__ASSIGNMENT__
Copy out the lines beginning at the one with "モンテローザ、白木屋 徳島仲之町1丁目店を2026年10月30日にオープンへ" and ending at the last line of the data, both included; pictures stay out.

[Stored dataset items]
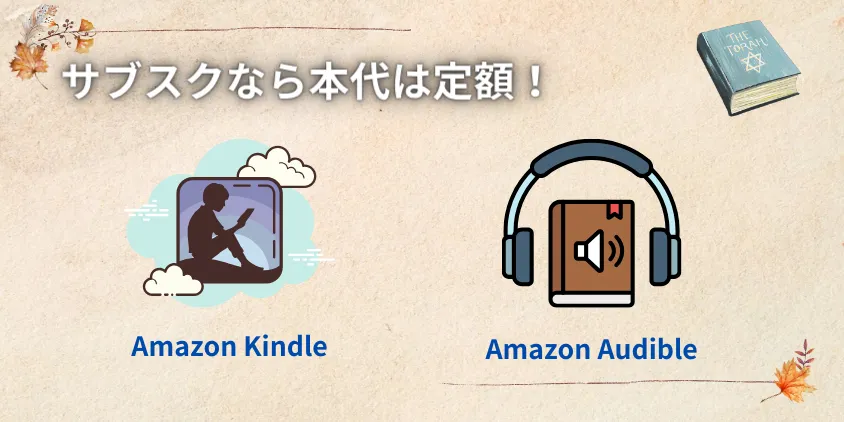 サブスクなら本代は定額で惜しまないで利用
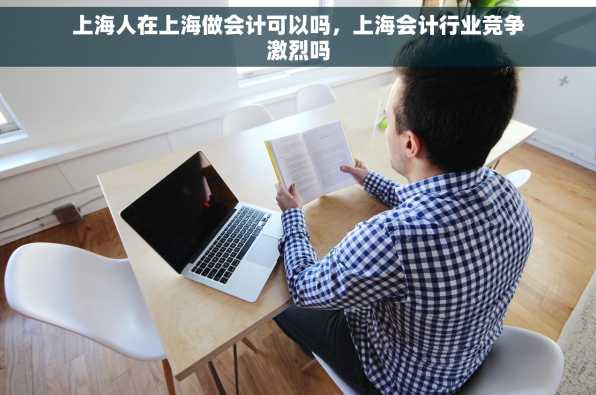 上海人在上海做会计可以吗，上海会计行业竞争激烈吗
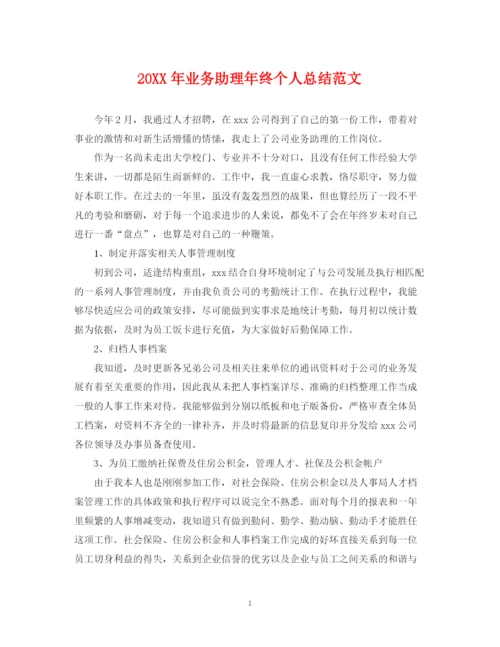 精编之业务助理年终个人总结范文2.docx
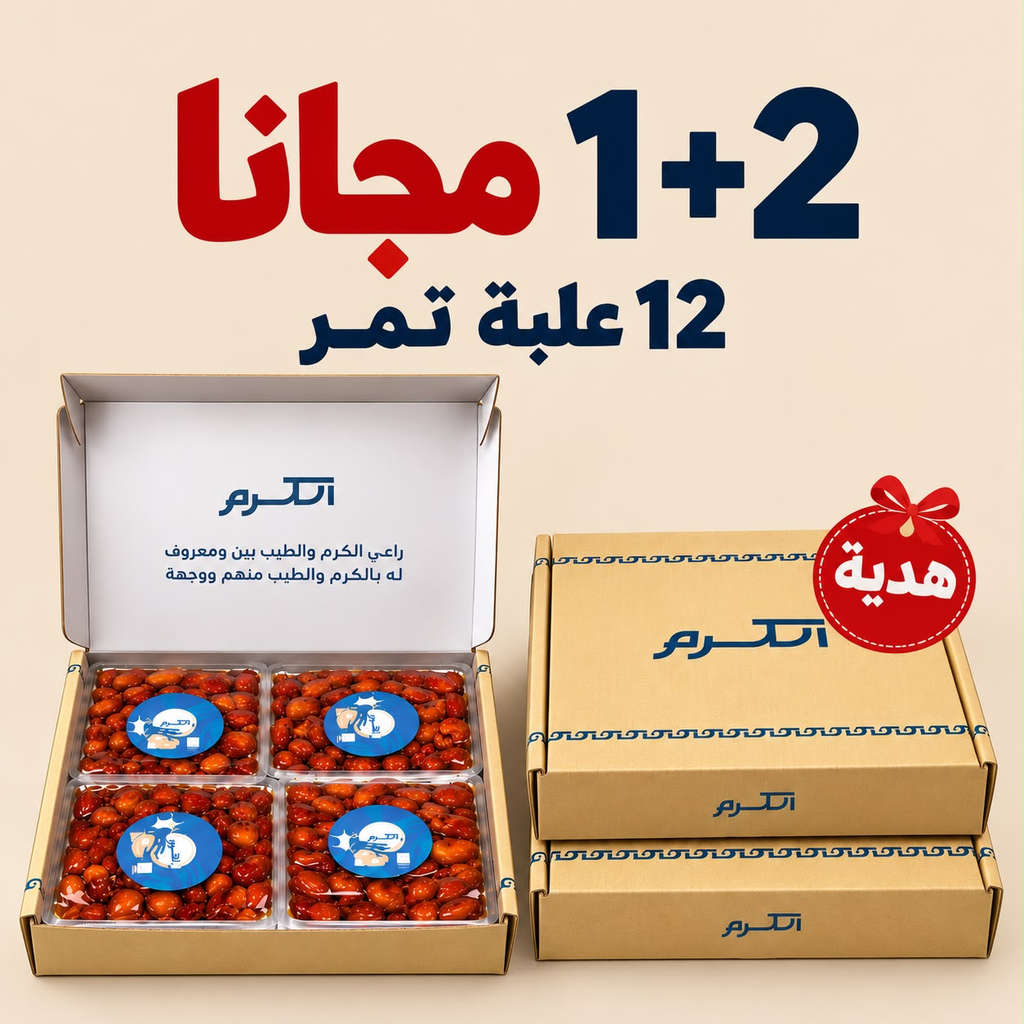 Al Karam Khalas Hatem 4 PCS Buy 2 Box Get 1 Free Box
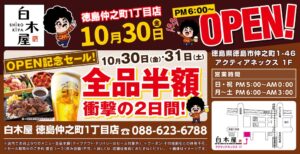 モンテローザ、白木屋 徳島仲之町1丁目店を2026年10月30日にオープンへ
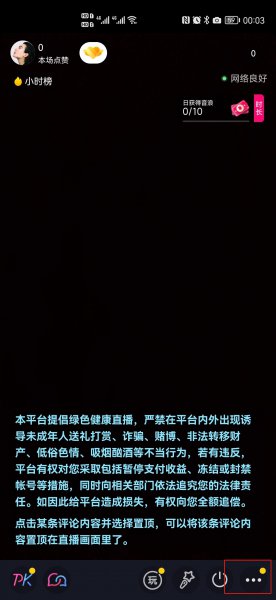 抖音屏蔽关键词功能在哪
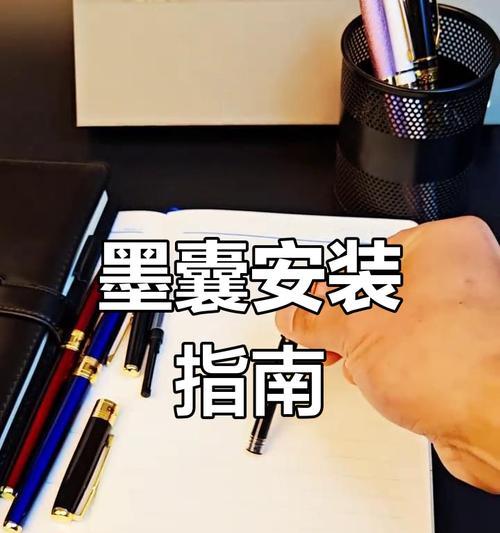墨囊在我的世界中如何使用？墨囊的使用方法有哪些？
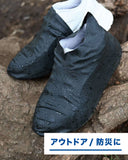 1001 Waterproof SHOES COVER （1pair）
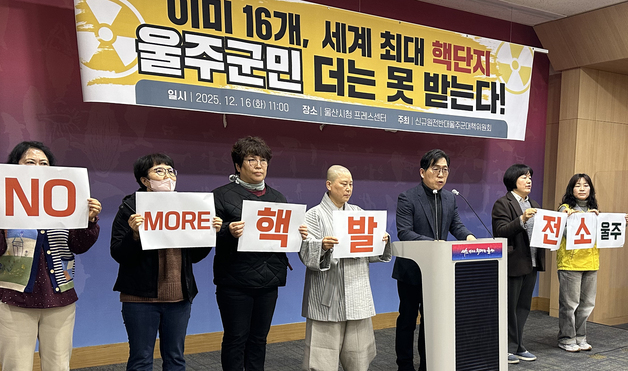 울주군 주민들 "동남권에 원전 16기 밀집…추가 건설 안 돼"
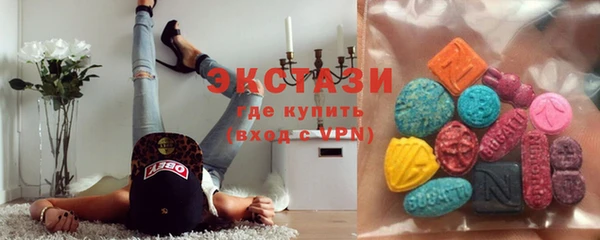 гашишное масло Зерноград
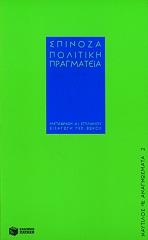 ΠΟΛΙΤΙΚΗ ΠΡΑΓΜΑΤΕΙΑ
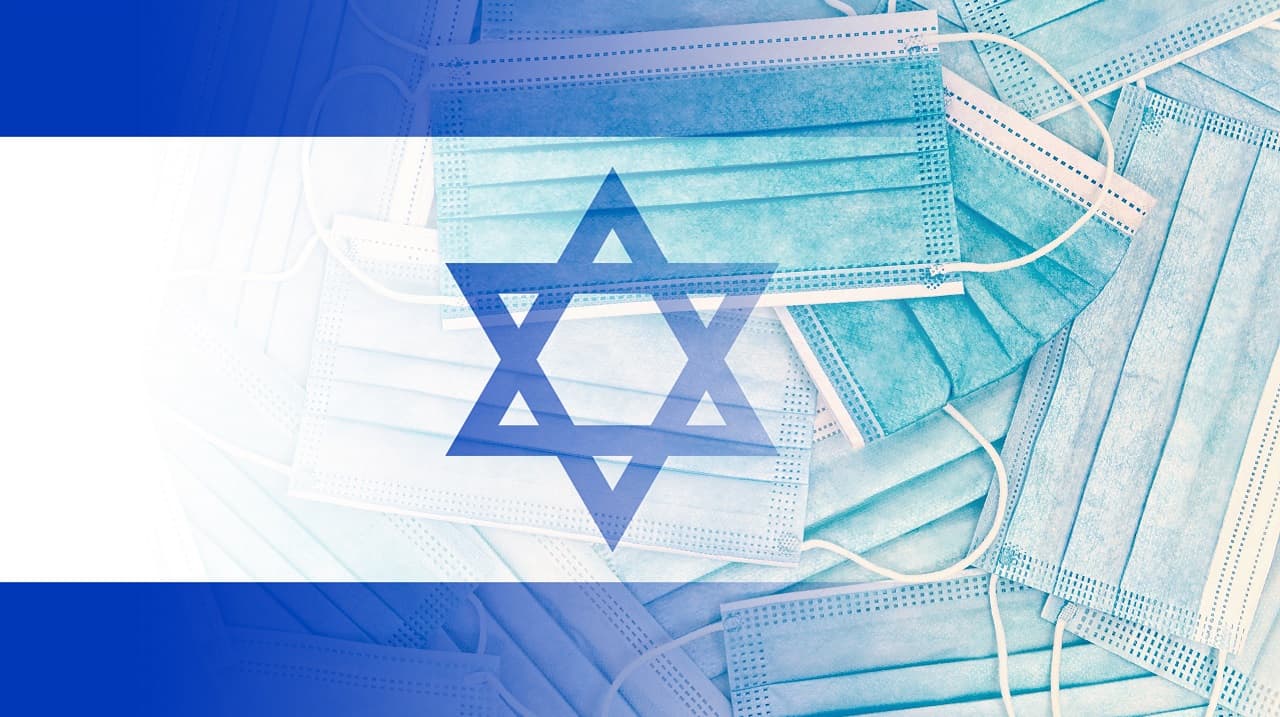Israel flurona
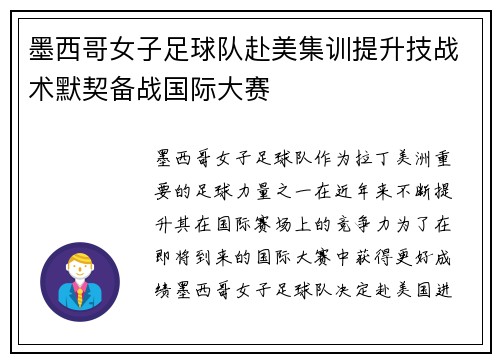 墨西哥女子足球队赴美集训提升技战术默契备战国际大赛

__SOLUTION__
 モンテローザ、白木屋 徳島仲之町1丁目店を2026年10月30日にオープンへ
 抖音屏蔽关键词功能在哪
墨囊在我的世界中如何使用？墨囊的使用方法有哪些？
 1001 Waterproof SHOES COVER （1pair）
 울주군 주민들 "동남권에 원전 16기 밀집…추가 건설 안 돼"
 гашишное масло Зерноград
 ΠΟΛΙΤΙΚΗ ΠΡΑΓΜΑΤΕΙΑ
Israel flurona
 墨西哥女子足球队赴美集训提升技战术默契备战国际大赛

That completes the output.